In essence, every computer using Panda’s Cloud Antivirus is networked together through Panda’s server to form a “collective intelligence” for malware detection and prevention. Here’s how it works: users download and install Panda’s software – it’s a small application known as an “agent” because the heavy lifting is done on Panda’s server. These agents send reports back to the Panda server containing information about new files (and, I presume, related computer activity which might indicate the presence of malware). When the server receives reports about previously unknown files which resemble, according to the logic of the classification engine, files already known to be malware, these new files are classified as threats without waiting for manual review by human security experts.

Security Camera
Sampling at the right time and place allows proactive decision making.

For example, imagine a new virus is released onto the net by its creators.
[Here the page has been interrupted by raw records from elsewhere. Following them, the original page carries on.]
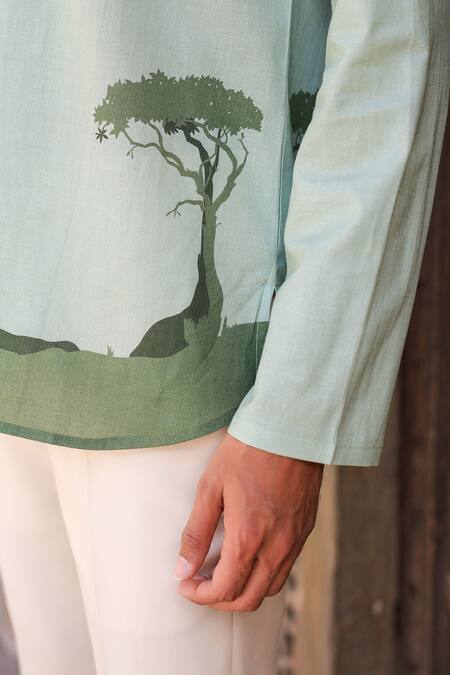 Raw & Rustic By Niti Bothra_Green Linen, Tencel, Cotton Embroidery Panther Kurta _at_Aza_Fashions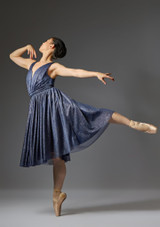 Jolista Moonflower Gathered Mesh Ballet Dress Navy Blue 6 [Blue]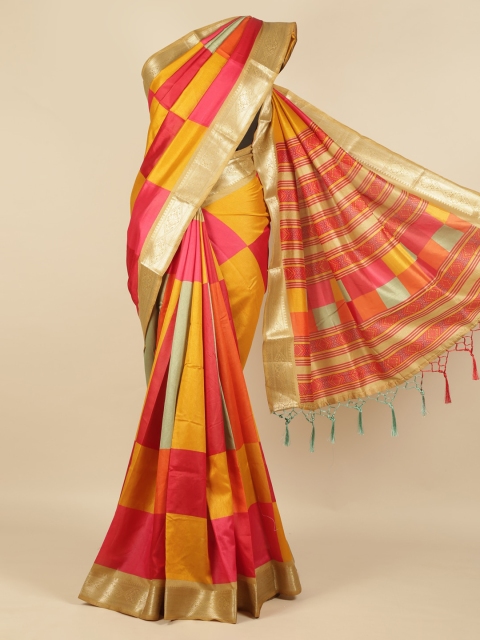 

Pothys Red & Yellow Jute Silk Checked Saree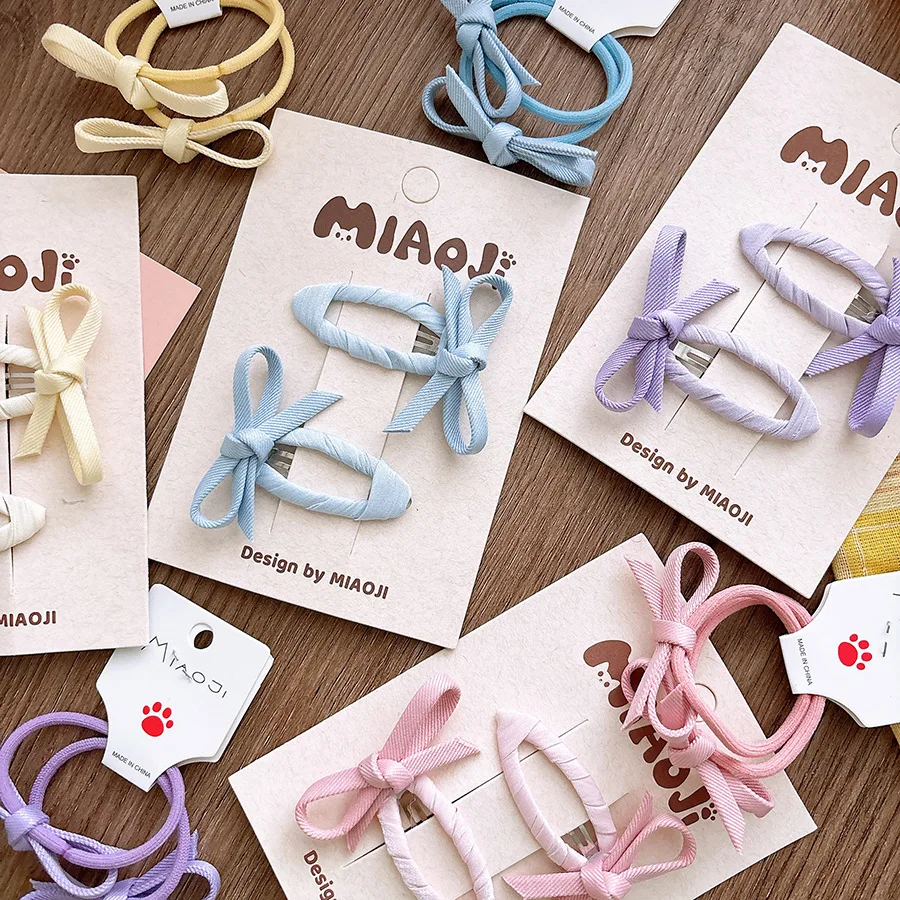 Sweet Candy Color Fabric Bow Children's Bb Clip Hairline Bangs Hairpin Rubber Band Headwear Girls Kids Hair Accessories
People surfing the net, opening emails, and inserting digital media start downloading this new file, which can’t be identified as a virus by traditional anti-virus software because it hasn’t been placed in any virus definitions list yet. Computers on which the Panda agent has been installed begin sending reports about the new file back to the Panda server. After some number of reports about the file are received by Panda’s server, the server is able to determine that the new file should be treated as a virus. At this point all computers in the Panda customer network are preemptively warned about the virus, even though it has only just appeared.

According to Panda’s April 29, 2009 press release:

Utilizing Panda’s proprietary cloud computing technology called Collective Intelligence, Panda Cloud Antivirus harnesses the knowledge of Panda’s global community of millions of users to automatically identify and classify new malware strains in almost real-time. Each new file received by Collective Intelligence is automatically classified in under six minutes. Collective Intelligence servers automatically receive and classify over 50,000 new samples every day. In addition, Panda’s Collective Intelligence system correlates malware information data collected from each PC to continually improve protection for the community of users.

Because Panda’s solution is cloud-based and free to consumers, it will reside on a large number of different computers and networks worldwide. This is how Panda’s cloud solution is able to fill a dual role as both sampling and classification engine for virus activity. On the one hand Panda serves as manager of a communal knowledge pool that benefits all consumers participating in the free service. On the other hand, Panda can sell the malware detection knowledge it gains to corporate customers – wherein lies the revenue model that pays for the free service.

I have friends working in two unrelated startups, one concerning business financial data and the other Enterprise application deployment ROI, that both work along similar lines (although neither are free to consumers). Both startups offer a combination of analytics for each customer’s data plus access to benchmarks established by anonymously aggregating data across customers.

Panda’s cloud analytics, aggregation and classification mechanism is also analogous to the non-boolean document categorization software for eDiscovery discussed in previous posts in this blog, whereby unreviewed documents can be automatically (and thus inexpensively) classified for responsiveness and privilege:

Deeper, even more powerful extensions of this principle are also possible. I anticipate that we will soon see software which will automatically classify all of an organization’s documents as they are created or received, including documents residing on employees laptop and mobile devices. Using Panda-like classification logic, new documents will be classified accurately whether or not they are of an exact match with anything previously known to the classification system. This will substantially improve implementation speed and accuracy for search, access control and collaboration, document deletion and preservation, end point protection, storage tiering, and all other IT, legal and business information management policies.